(Data for the task Opens)

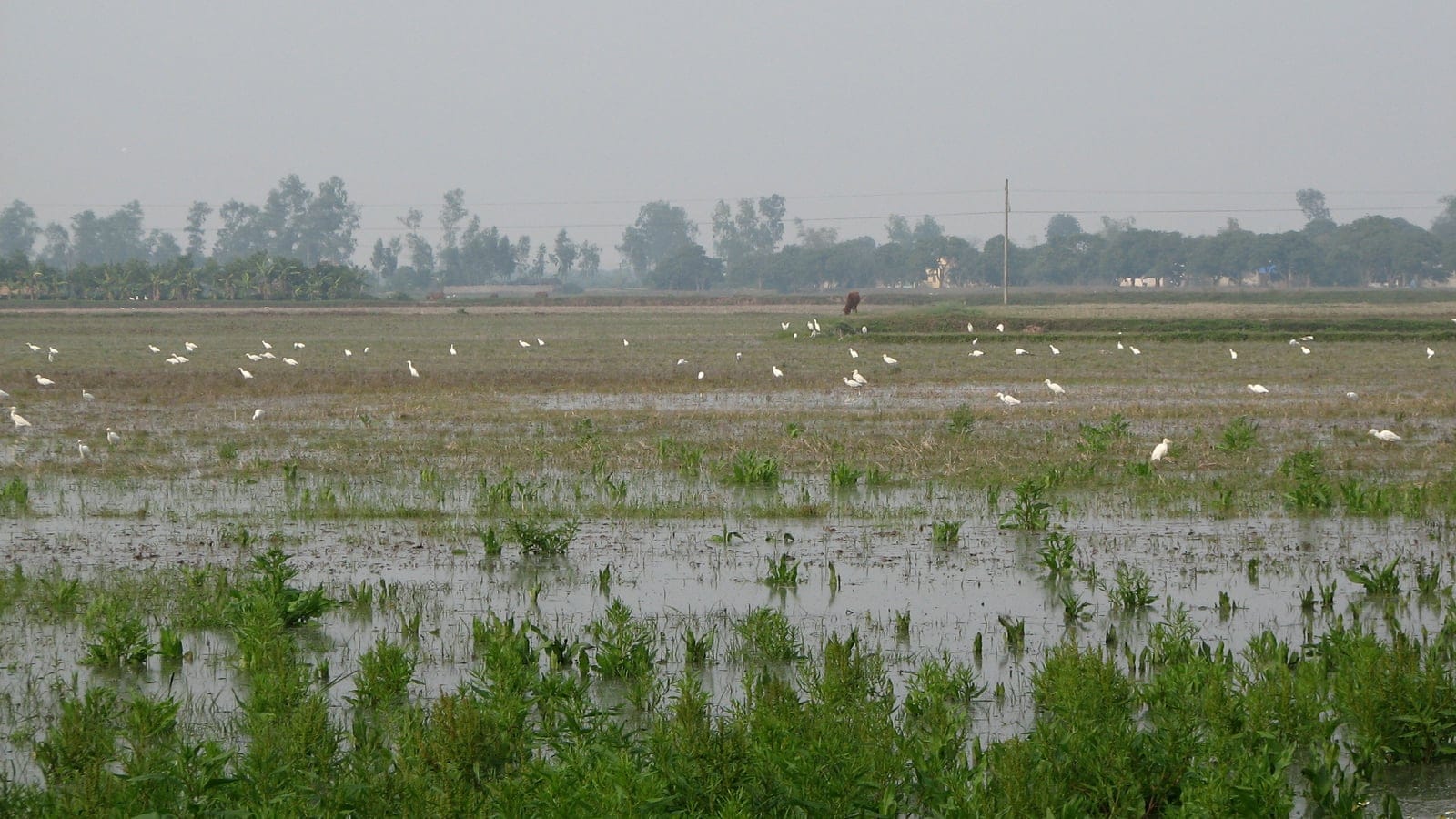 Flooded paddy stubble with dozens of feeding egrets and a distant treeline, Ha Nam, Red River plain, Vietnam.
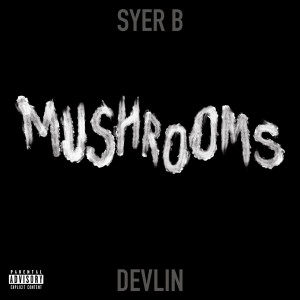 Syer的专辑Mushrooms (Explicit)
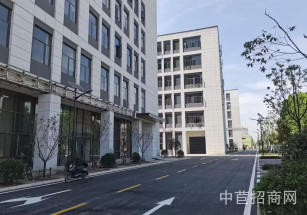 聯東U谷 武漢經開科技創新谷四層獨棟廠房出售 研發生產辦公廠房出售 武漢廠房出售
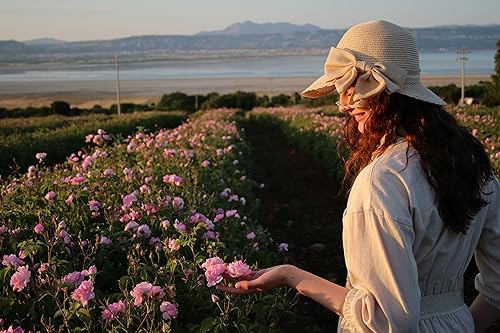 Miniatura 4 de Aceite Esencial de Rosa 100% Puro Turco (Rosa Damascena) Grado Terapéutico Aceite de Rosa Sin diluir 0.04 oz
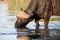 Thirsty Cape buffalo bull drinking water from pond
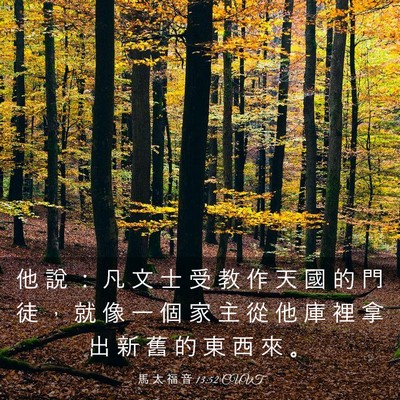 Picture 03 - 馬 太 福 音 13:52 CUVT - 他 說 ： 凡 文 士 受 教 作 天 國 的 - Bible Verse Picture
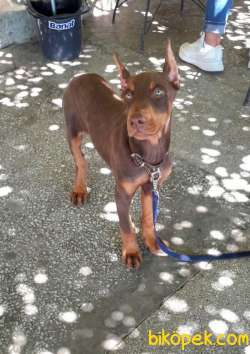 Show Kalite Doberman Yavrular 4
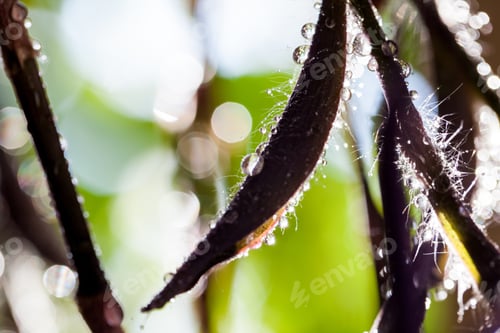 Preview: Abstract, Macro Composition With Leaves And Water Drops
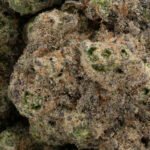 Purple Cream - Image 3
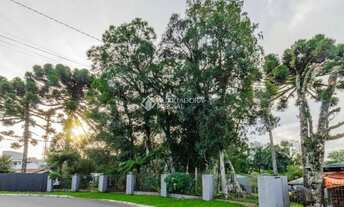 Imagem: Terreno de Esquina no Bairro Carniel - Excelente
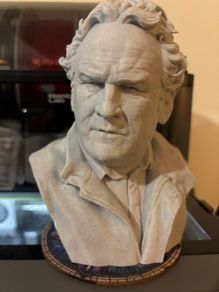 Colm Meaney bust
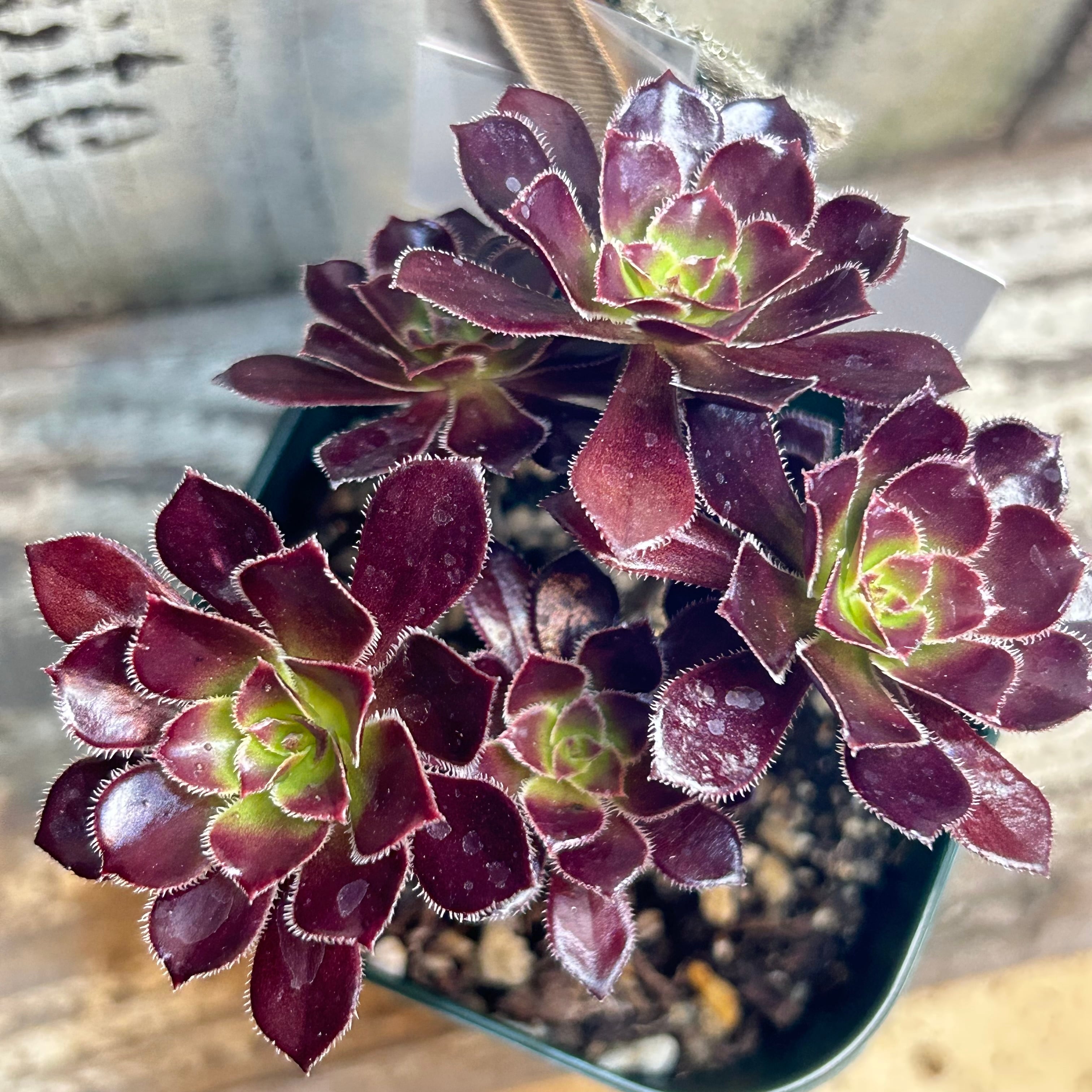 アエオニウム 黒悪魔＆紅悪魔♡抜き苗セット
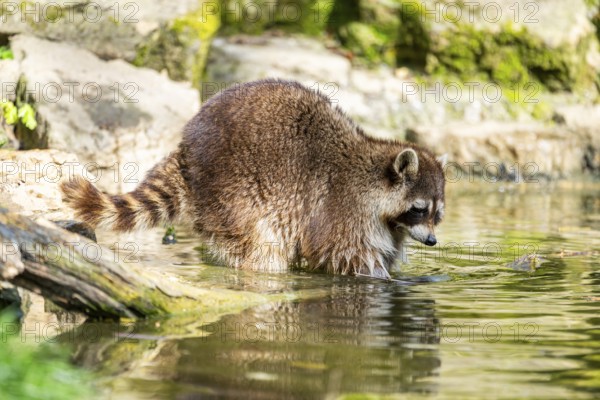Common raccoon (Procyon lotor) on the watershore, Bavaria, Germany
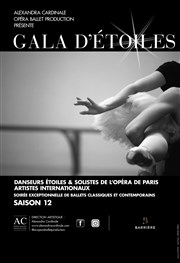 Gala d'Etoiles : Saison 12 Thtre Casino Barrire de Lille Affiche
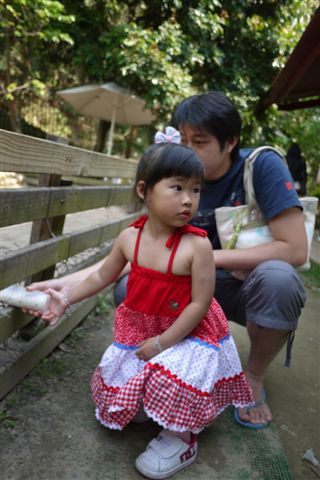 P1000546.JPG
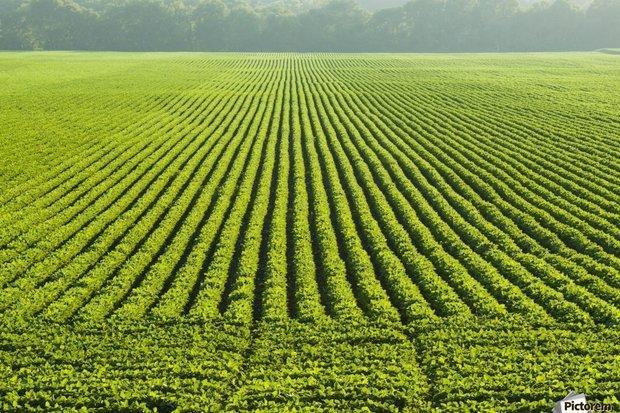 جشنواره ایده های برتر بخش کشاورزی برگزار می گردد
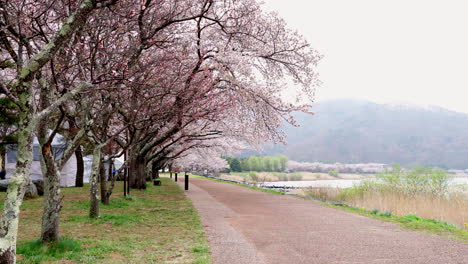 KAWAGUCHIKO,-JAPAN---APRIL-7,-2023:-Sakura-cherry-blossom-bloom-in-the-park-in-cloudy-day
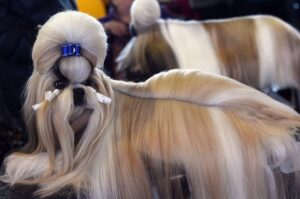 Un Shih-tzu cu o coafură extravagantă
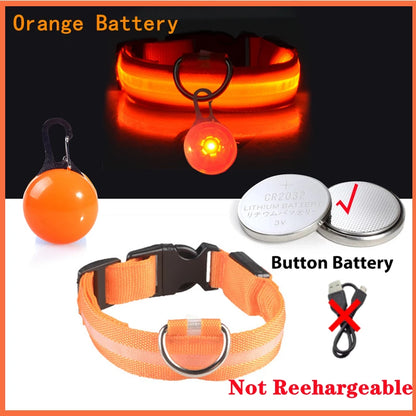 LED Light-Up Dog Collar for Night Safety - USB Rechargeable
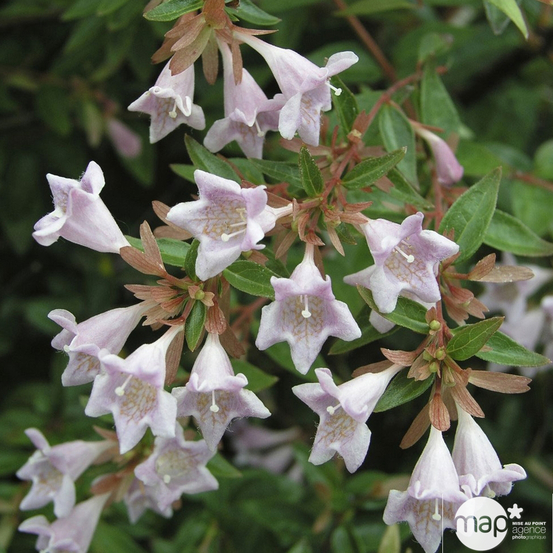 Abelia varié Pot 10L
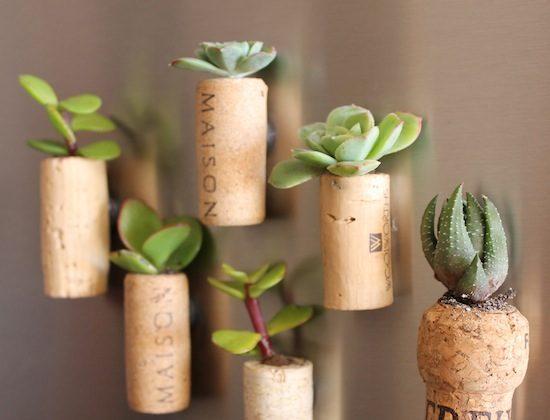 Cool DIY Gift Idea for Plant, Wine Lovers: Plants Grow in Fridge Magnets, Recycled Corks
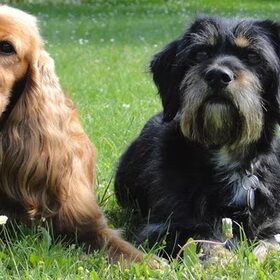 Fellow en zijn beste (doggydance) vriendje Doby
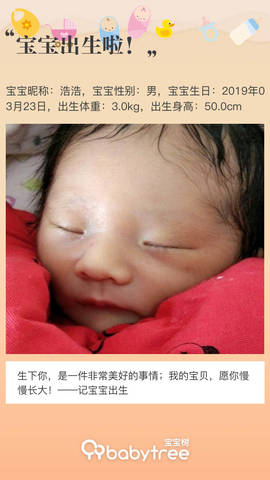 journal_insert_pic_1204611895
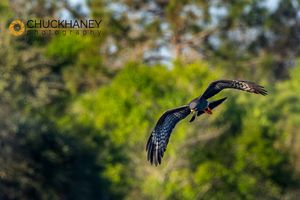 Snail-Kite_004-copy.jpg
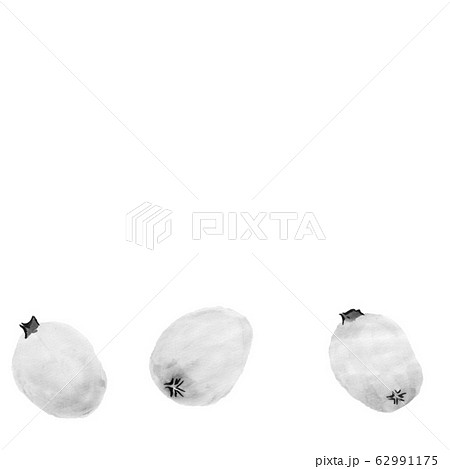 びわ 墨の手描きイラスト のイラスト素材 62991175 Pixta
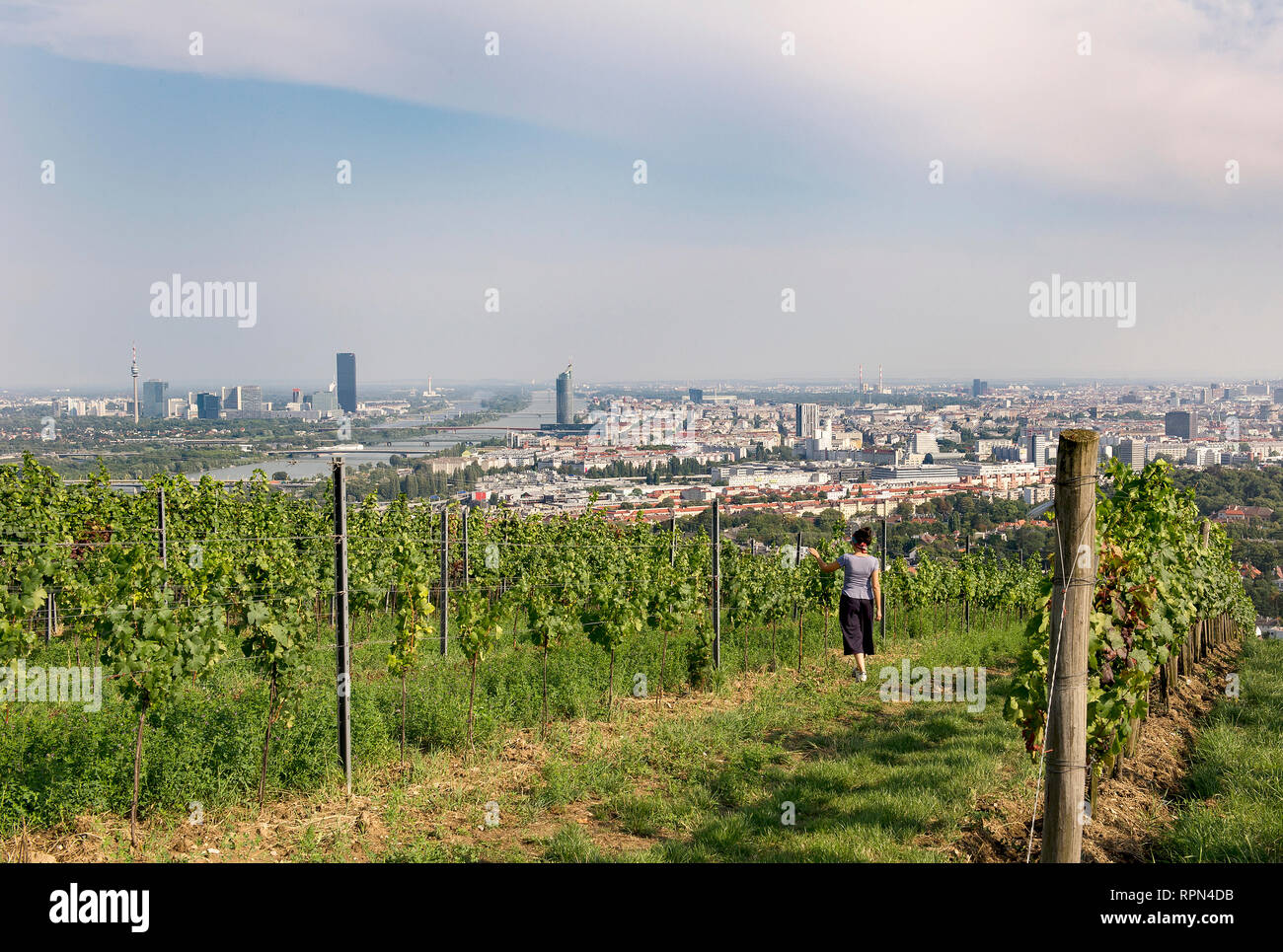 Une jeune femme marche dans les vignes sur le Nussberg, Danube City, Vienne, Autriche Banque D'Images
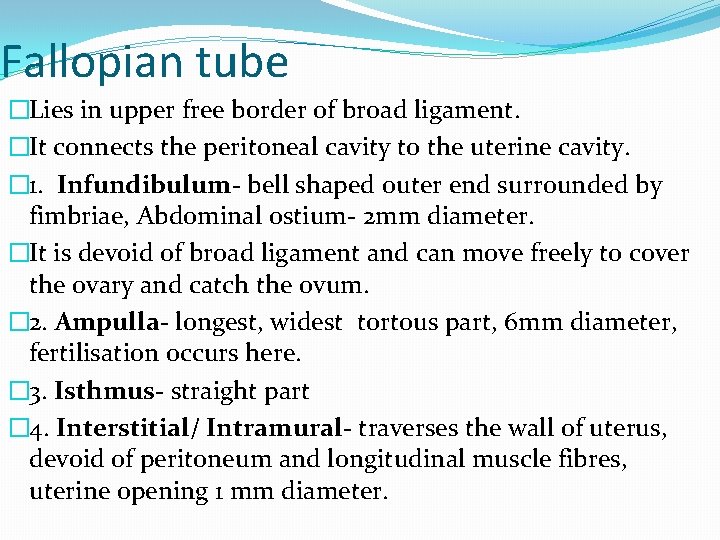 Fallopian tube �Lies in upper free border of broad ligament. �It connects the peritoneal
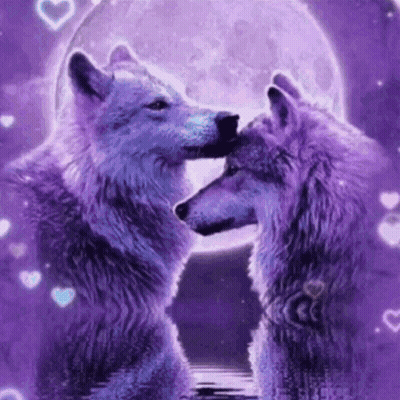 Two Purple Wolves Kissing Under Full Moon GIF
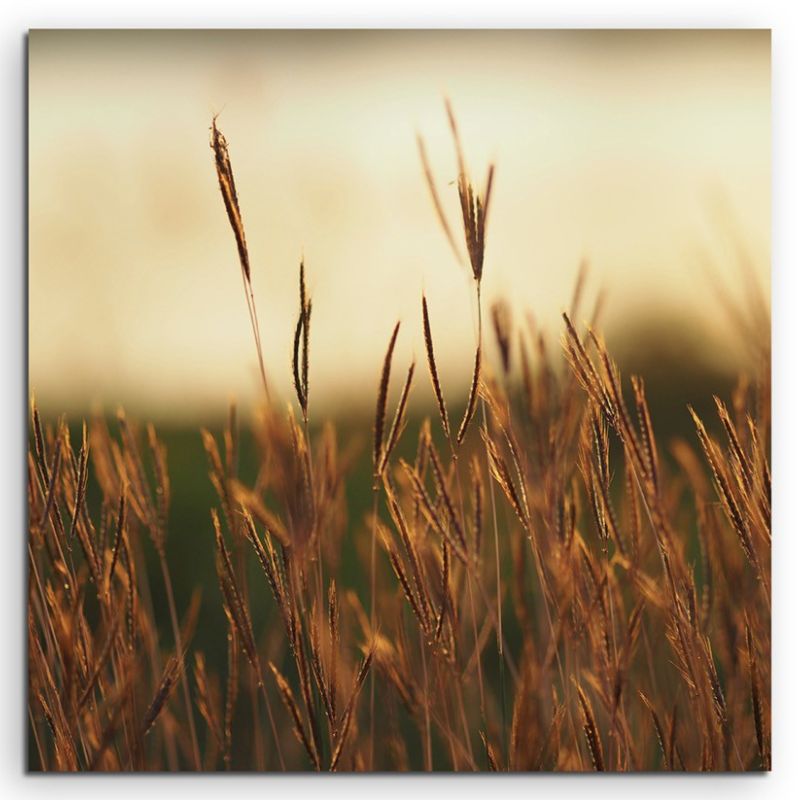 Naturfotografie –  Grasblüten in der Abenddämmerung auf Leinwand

(Data for the task Closes)

§ Work required
Apart from the pictures, every line of the material above is to be returned word for word.

§ Result of the task
 Flooded paddy stubble with dozens of feeding egrets and a distant treeline, Ha Nam, Red River plain, Vietnam.
 Syer的专辑Mushrooms (Explicit)
 聯東U谷 武漢經開科技創新谷四層獨棟廠房出售 研發生產辦公廠房出售 武漢廠房出售
 Miniatura 4 de Aceite Esencial de Rosa 100% Puro Turco (Rosa Damascena) Grado Terapéutico Aceite de Rosa Sin diluir 0.04 oz
 Thirsty Cape buffalo bull drinking water from pond
 Picture 03 - 馬 太 福 音 13:52 CUVT - 他 說 ： 凡 文 士 受 教 作 天 國 的 - Bible Verse Picture
 Show Kalite Doberman Yavrular 4
 Preview: Abstract, Macro Composition With Leaves And Water Drops
 Purple Cream - Image 3
 Imagem: Terreno de Esquina no Bairro Carniel - Excelente
 Colm Meaney bust
 アエオニウム 黒悪魔＆紅悪魔♡抜き苗セット
Common raccoon (Procyon lotor) on the watershore, Bavaria, Germany
 Gala d'Etoiles : Saison 12 Thtre Casino Barrire de Lille Affiche
 P1000546.JPG
 جشنواره ایده های برتر بخش کشاورزی برگزار می گردد
 KAWAGUCHIKO,-JAPAN---APRIL-7,-2023:-Sakura-cherry-blossom-bloom-in-the-park-in-cloudy-day
 Un Shih-tzu cu o coafură extravagantă
 LED Light-Up Dog Collar for Night Safety - USB Rechargeable
 Abelia varié Pot 10L
 Cool DIY Gift Idea for Plant, Wine Lovers: Plants Grow in Fridge Magnets, Recycled Corks
 Fellow en zijn beste (doggydance) vriendje Doby
 journal_insert_pic_1204611895
 Snail-Kite_004-copy.jpg
 びわ 墨の手描きイラスト のイラスト素材 62991175 Pixta
 Une jeune femme marche dans les vignes sur le Nussberg, Danube City, Vienne, Autriche Banque D'Images
 Fallopian tube �Lies in upper free border of broad ligament. �It connects the peritoneal
 Two Purple Wolves Kissing Under Full Moon GIF
 Naturfotografie –  Grasblüten in der Abenddämmerung auf Leinwand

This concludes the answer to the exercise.